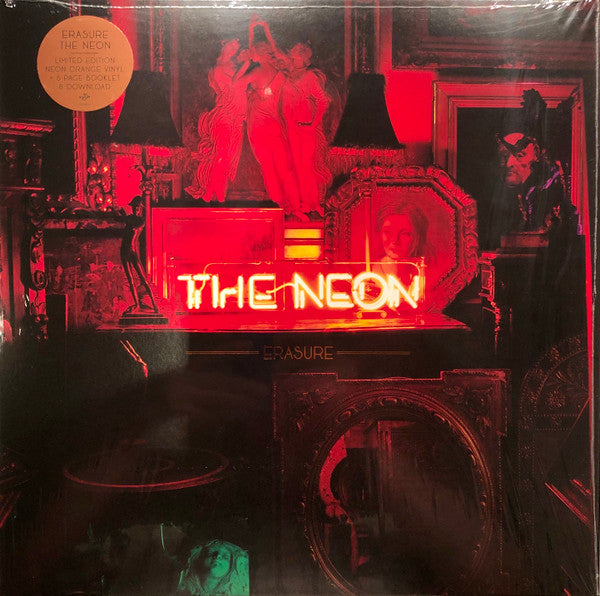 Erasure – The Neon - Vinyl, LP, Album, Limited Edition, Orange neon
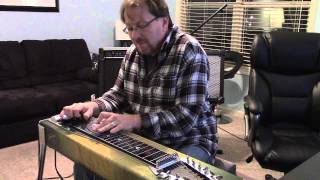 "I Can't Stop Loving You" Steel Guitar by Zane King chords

============

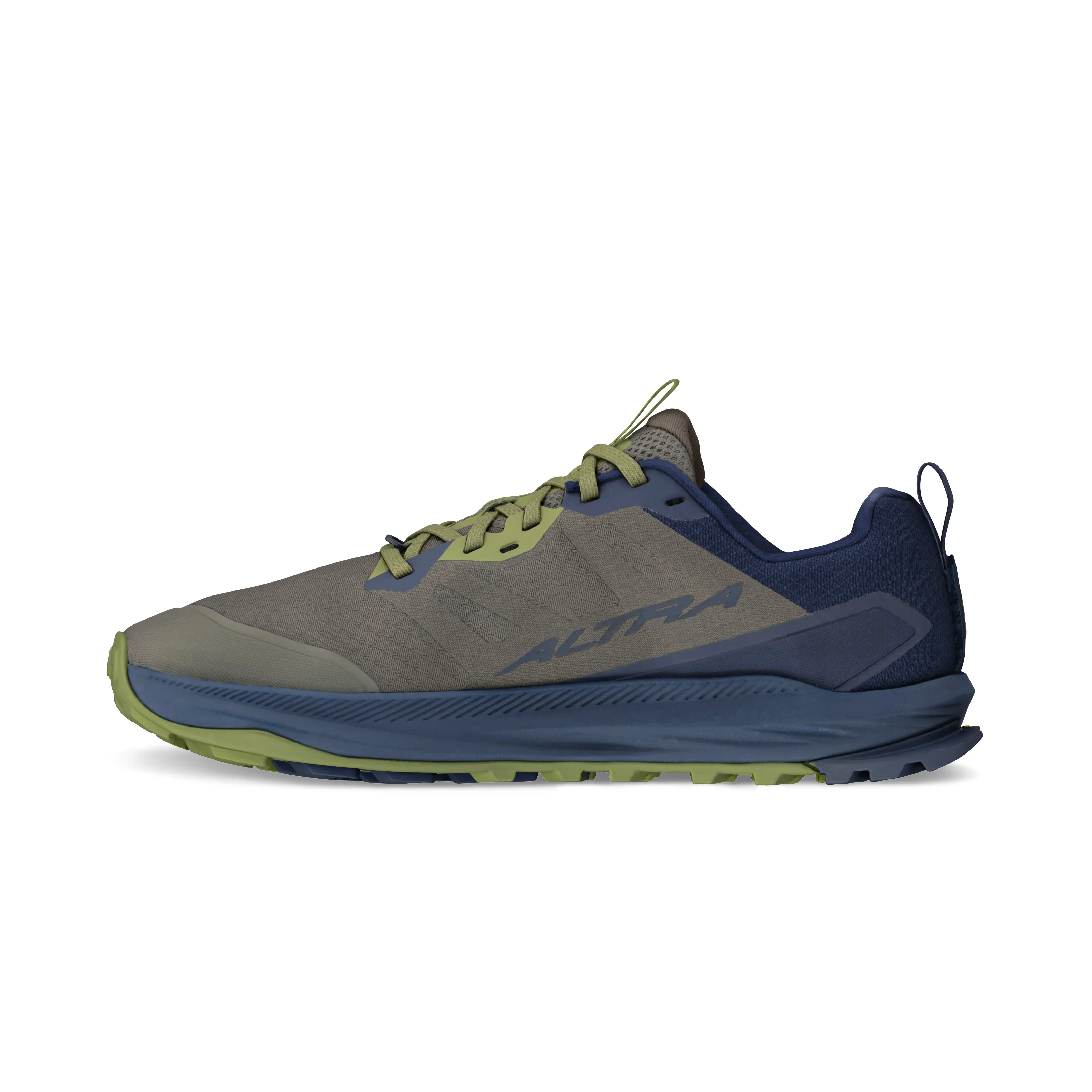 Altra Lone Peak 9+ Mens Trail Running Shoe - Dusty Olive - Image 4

============

- Exercise instructions -
Everything above from the line with "Erasure – The" through the line with "Zane King chords" should be retyped exactly, and nothing else; omit pictures.

- Result for this exercise -
 Erasure – The Neon - Vinyl, LP, Album, Limited Edition, Orange neon
 "I Can't Stop Loving You" Steel Guitar by Zane King chords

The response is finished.